## Work to complete
Nothing in the entries may be altered; copy them all exactly.

Top of Material to process

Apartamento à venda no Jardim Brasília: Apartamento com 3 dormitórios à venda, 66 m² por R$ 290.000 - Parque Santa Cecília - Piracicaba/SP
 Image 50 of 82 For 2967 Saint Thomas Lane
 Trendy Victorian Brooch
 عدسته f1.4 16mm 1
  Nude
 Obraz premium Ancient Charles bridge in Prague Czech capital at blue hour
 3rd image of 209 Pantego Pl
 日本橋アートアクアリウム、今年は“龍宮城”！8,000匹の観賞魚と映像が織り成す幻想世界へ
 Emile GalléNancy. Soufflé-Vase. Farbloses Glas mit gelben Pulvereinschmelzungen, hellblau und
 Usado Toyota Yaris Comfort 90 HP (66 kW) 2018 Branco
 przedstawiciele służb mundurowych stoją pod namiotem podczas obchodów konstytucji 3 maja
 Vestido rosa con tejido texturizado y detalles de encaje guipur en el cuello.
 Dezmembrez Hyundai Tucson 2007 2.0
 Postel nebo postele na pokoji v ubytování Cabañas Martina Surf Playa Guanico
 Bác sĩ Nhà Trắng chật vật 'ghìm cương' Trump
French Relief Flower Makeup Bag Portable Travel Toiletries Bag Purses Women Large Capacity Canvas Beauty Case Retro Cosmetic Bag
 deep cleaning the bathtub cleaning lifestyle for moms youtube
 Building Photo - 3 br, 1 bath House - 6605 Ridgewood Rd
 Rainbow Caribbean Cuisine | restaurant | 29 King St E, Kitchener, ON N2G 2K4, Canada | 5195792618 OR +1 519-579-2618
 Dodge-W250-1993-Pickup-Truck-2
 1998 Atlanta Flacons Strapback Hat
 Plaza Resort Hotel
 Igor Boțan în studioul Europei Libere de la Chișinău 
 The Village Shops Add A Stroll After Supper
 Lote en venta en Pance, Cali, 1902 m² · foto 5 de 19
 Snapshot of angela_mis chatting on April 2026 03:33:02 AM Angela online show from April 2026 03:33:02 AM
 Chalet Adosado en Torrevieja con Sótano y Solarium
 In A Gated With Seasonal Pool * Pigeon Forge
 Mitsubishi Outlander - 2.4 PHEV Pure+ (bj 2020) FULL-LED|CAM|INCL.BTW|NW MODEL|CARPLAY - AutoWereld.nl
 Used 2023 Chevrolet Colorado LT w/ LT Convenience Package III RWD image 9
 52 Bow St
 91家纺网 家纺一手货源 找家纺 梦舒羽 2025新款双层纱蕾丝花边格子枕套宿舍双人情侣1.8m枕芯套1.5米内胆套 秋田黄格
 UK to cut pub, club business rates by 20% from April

Bottom of Material to process

## Output for this exercise
Apartamento à venda no Jardim Brasília: Apartamento com 3 dormitórios à venda, 66 m² por R$ 290.000 - Parque Santa Cecília - Piracicaba/SP
 Image 50 of 82 For 2967 Saint Thomas Lane
 Trendy Victorian Brooch
 عدسته f1.4 16mm 1
  Nude
 Obraz premium Ancient Charles bridge in Prague Czech capital at blue hour
 3rd image of 209 Pantego Pl
 日本橋アートアクアリウム、今年は“龍宮城”！8,000匹の観賞魚と映像が織り成す幻想世界へ
 Emile GalléNancy. Soufflé-Vase. Farbloses Glas mit gelben Pulvereinschmelzungen, hellblau und
 Usado Toyota Yaris Comfort 90 HP (66 kW) 2018 Branco
 przedstawiciele służb mundurowych stoją pod namiotem podczas obchodów konstytucji 3 maja
 Vestido rosa con tejido texturizado y detalles de encaje guipur en el cuello.
 Dezmembrez Hyundai Tucson 2007 2.0
 Postel nebo postele na pokoji v ubytování Cabañas Martina Surf Playa Guanico
 Bác sĩ Nhà Trắng chật vật 'ghìm cương' Trump
French Relief Flower Makeup Bag Portable Travel Toiletries Bag Purses Women Large Capacity Canvas Beauty Case Retro Cosmetic Bag
 deep cleaning the bathtub cleaning lifestyle for moms youtube
 Building Photo - 3 br, 1 bath House - 6605 Ridgewood Rd
 Rainbow Caribbean Cuisine | restaurant | 29 King St E, Kitchener, ON N2G 2K4, Canada | 5195792618 OR +1 519-579-2618
 Dodge-W250-1993-Pickup-Truck-2
 1998 Atlanta Flacons Strapback Hat
 Plaza Resort Hotel
 Igor Boțan în studioul Europei Libere de la Chișinău 
 The Village Shops Add A Stroll After Supper
 Lote en venta en Pance, Cali, 1902 m² · foto 5 de 19
 Snapshot of angela_mis chatting on April 2026 03:33:02 AM Angela online show from April 2026 03:33:02 AM
 Chalet Adosado en Torrevieja con Sótano y Solarium
 In A Gated With Seasonal Pool * Pigeon Forge
 Mitsubishi Outlander - 2.4 PHEV Pure+ (bj 2020) FULL-LED|CAM|INCL.BTW|NW MODEL|CARPLAY - AutoWereld.nl
 Used 2023 Chevrolet Colorado LT w/ LT Convenience Package III RWD image 9
 52 Bow St
 91家纺网 家纺一手货源 找家纺 梦舒羽 2025新款双层纱蕾丝花边格子枕套宿舍双人情侣1.8m枕芯套1.5米内胆套 秋田黄格
 UK to cut pub, club business rates by 20% from April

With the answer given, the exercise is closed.